Entre las niñas que son prostituidas y permanecen en los barrios, al servicio de los varones de entrecasa y las que son victimizadas por los que vienen del exterior mediante el turismo sexual, hay diferencias cualitativas. Las que se ofrecen a los turistas reciben otros cuidados por parte de la patronal, inclusive en materia de ropa y salud: difícilmente concurran a un hospital, ya que desde sus profesionales pueden surgir las denuncias comprometedoras.
Pero cualquiera sea la posición, el trauma que provoca la acción sistemática del cuerpo masculino sobre, contra y dentro del cuerpo de la niña puede generar una angustia desmesurada que le resulta sumamente complejo procesar.

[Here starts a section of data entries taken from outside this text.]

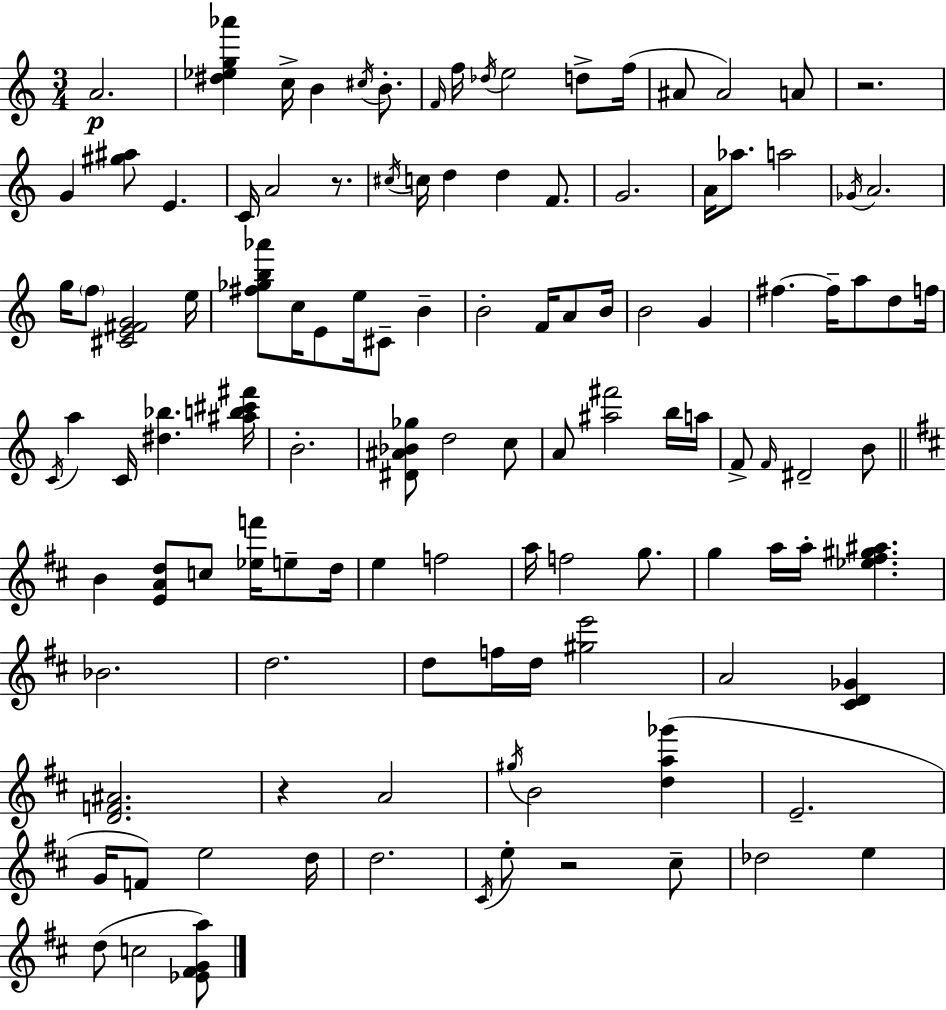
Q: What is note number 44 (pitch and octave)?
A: F#5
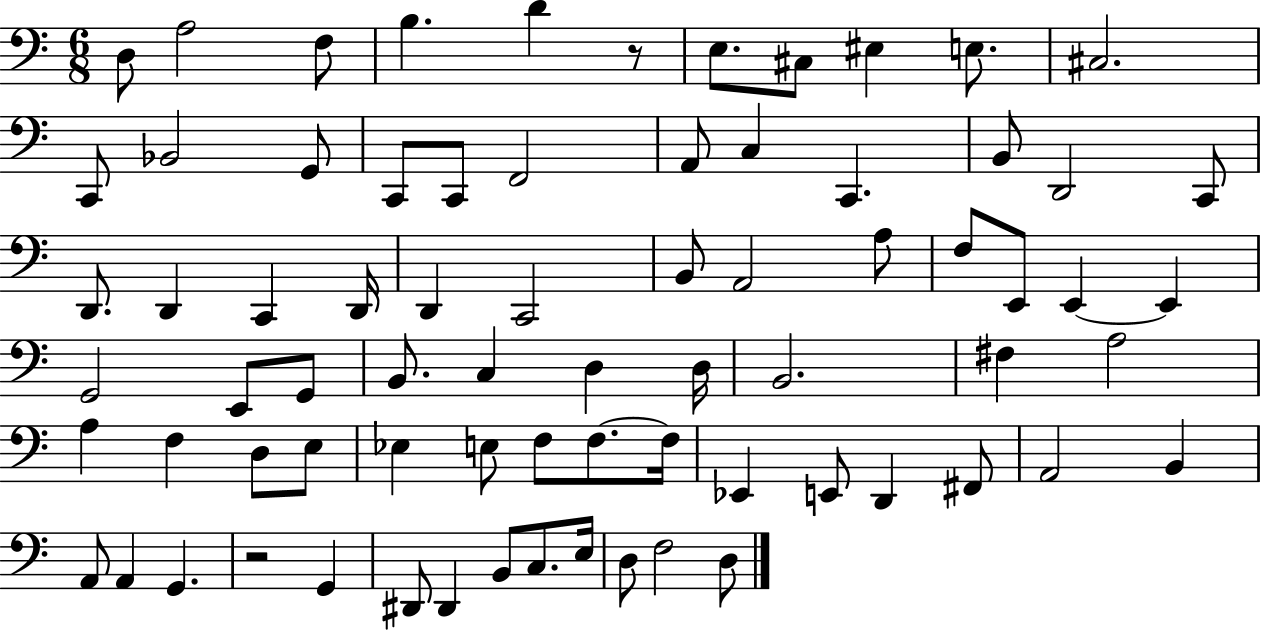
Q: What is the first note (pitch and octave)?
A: D3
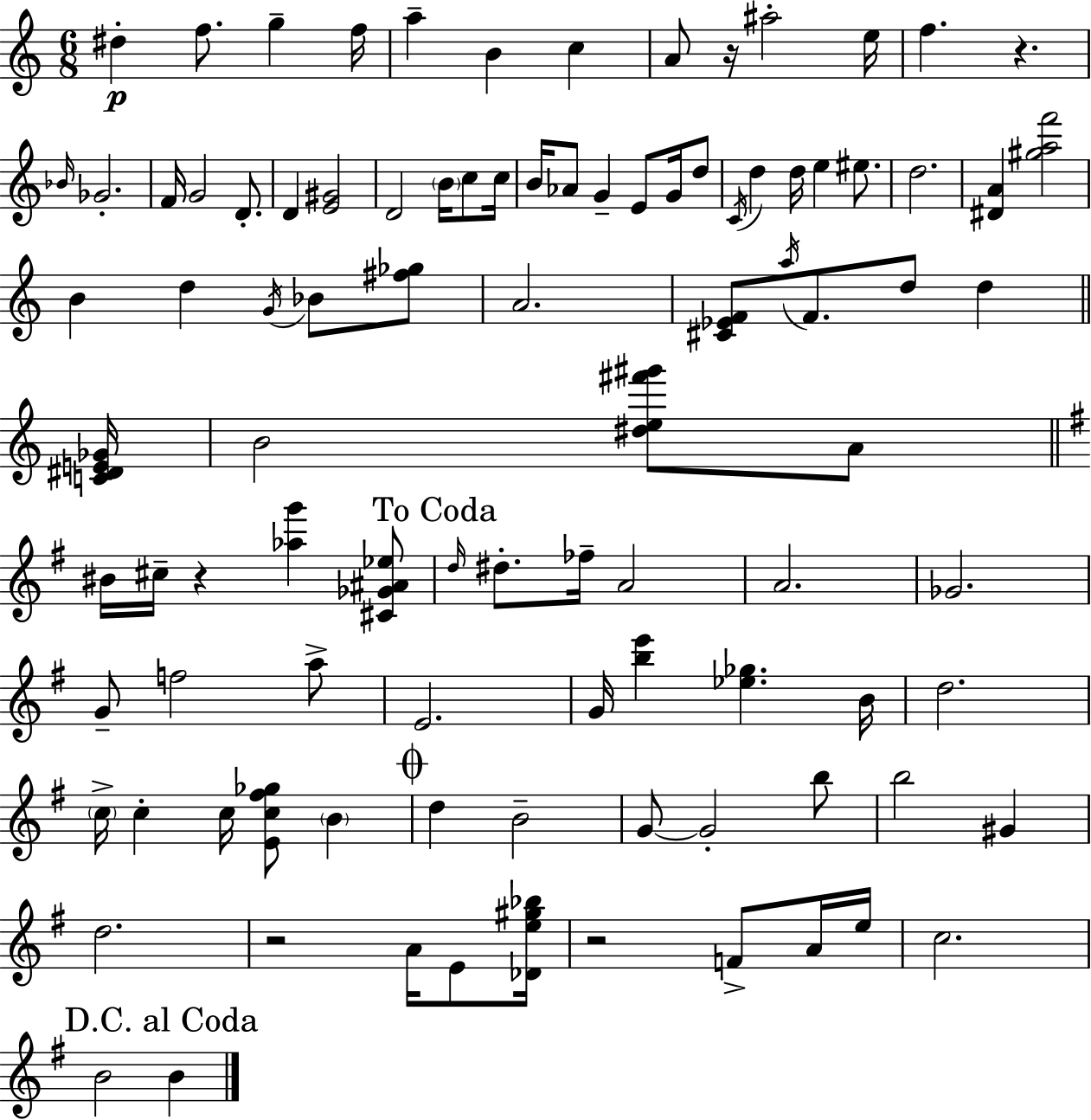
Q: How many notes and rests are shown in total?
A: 97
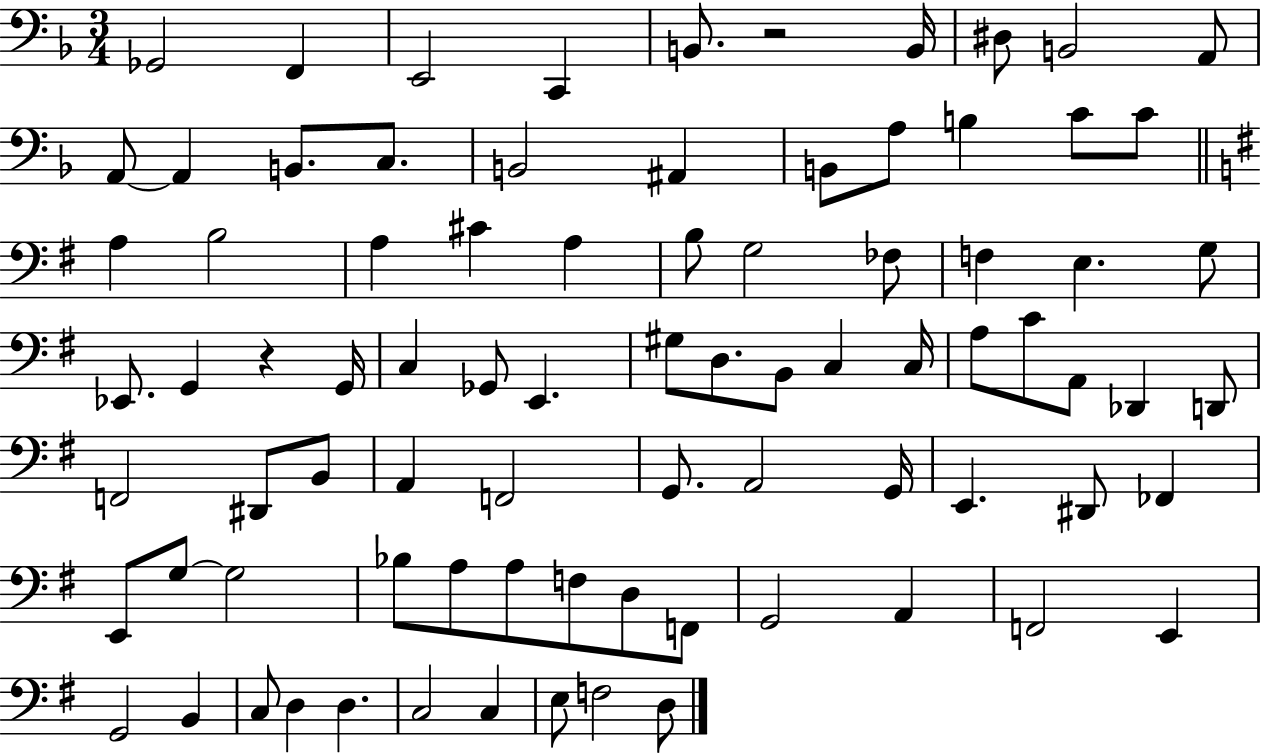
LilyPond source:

{
  \clef bass
  \numericTimeSignature
  \time 3/4
  \key f \major
  \repeat volta 2 { ges,2 f,4 | e,2 c,4 | b,8. r2 b,16 | dis8 b,2 a,8 | \break a,8~~ a,4 b,8. c8. | b,2 ais,4 | b,8 a8 b4 c'8 c'8 | \bar "||" \break \key g \major a4 b2 | a4 cis'4 a4 | b8 g2 fes8 | f4 e4. g8 | \break ees,8. g,4 r4 g,16 | c4 ges,8 e,4. | gis8 d8. b,8 c4 c16 | a8 c'8 a,8 des,4 d,8 | \break f,2 dis,8 b,8 | a,4 f,2 | g,8. a,2 g,16 | e,4. dis,8 fes,4 | \break e,8 g8~~ g2 | bes8 a8 a8 f8 d8 f,8 | g,2 a,4 | f,2 e,4 | \break g,2 b,4 | c8 d4 d4. | c2 c4 | e8 f2 d8 | \break } \bar "|."
}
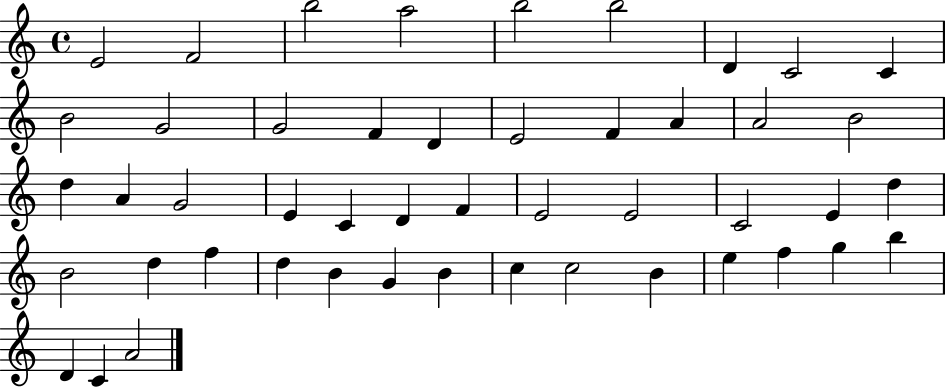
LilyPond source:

De allí su dificultad para evocar los sucesos que protagoniza; queda aprisionada por la impronta pulsional que surge como efecto de ese cuerpo a cuerpo desmedido y no pocas veces cruel. El Consejo de los Derechos del Niño, la Niña y la Adolescencia de la Ciudad de Bs. As. mantiene una campaña de esclarecimiento y avanza en el intento de conectarse con estas víctimas, para lo cual el compromiso de la comunidad, denunciando, es clave. Pero contamos con un inconveniente que parece insalvable. Utilizar a las niñas en la prostitución es un hecho naturalizado por la comunidad, que es de donde provienen los clientes, los de entrecasa y los que viajan. La enfermedad, la corrupción y la desdicha que progresivamente se instalan en la vida de estas víctimas es una producción comunitaria. Que la comunidad podría regular si se interesase por esas niñas que han sido decretadas personas aptas para el placer masculino; son personas puesto que la prostitución no las cosifica; entonces el varón encuentra placer en utilizarlas porque, justamente, son personas –aunque esclavizadas– y no objetos a merced de su violación.